Epidemiolog Universitas Indonesia (UI) Budi Haryanto mengatakan angka kasus COVID-19 masih akan terus mengalami peningkatan. Hal itu karena masih banyaknya orang yang berkontak erat dengan orang yang positif lepas dari pelacakan (tracing).

"Hari-hari ke depan ini masih akan tinggi, kenapa masih tinggi? Masih sekitar 18, 19, 20 ribu, bahkan lebih," kata Budi saat diskusi virtual Polemik Trijaya bertajuk 'COVID Gawat Darurat' Sabtu (26/6/2021).

Budi menjelaskan hasil tes PCR COVID-19 baru muncul paling lama tujuh hari.
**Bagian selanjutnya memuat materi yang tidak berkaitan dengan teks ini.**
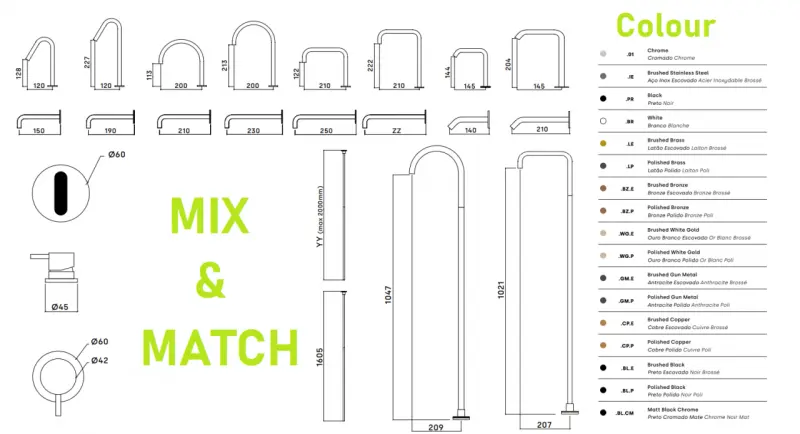 Waterevolution Flow 2-gats wastafelkraan PVD Gun Metal met hoge V 120mm uitloop T1122VGME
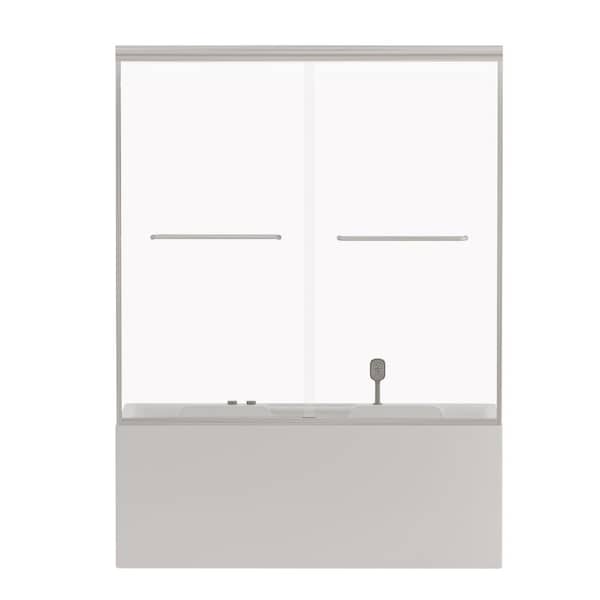 60 in. W x 58 in. H Double Sliding Bathtub Shower Tub Doors in Alloy Frame Brushed Nickel with Tempered Clear Glass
Dalam waktu sepekan itu, orang tersebut berpotensi menyebarkan virus karena masih melakukan aktivitas dan berinteraksi dengan orang lain yang belum terjangkit.

"Kita semua kan tahu pemeriksaan dari PCR, orang tahunya positif itu kan seminggu kemudian. Artinya, mereka yang tercacat 20 ribu itu sebenarnya angka kalau 20 ribu tanggal 23 (Juni), kalau kita rata-ratakan pemeriksaan PCR itu adalah tujuh hari, maka sebetulnya itu data orang yang positif tanggal 17 yang baru ketahuan seminggu kemudian tanggal 24," ujarnya.
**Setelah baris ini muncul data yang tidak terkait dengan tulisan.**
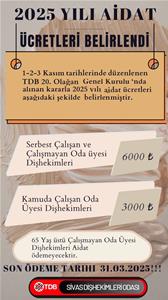 2025 YILI AİDAT DUYURUSU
"Terkait tracing, mereka-mereka yang dites tanggal 17 itu kan sebenarnya tanggal 16 atau 15 sudah positif, kemudian punya gejala dan sebagainya secara sukarela gejalanya seperti COVID, maka memeriksakan diri pada tanggal 17. Selama setelah di-swab tanggal 17, ke mana saja mereka ini? Mereka kan belum tahu hasilnya, dia bisa saja tetap bekerja, jalan-jalan dengan teman melakukan kegiatan berinteraksi dengan orang lain. Baru seminggu kemudian tanggal 24 dia positif," sambungnya.

Budi menyampaikan orang yang kontak erat dengan yang positif harus dites juga. Tetapi kebanyakan mereka yang positif lupa telah kontak erat dengan siapa saja selama sepekan.

"Mereka yang kontak erat ini yang harusnya dites," ucapnya.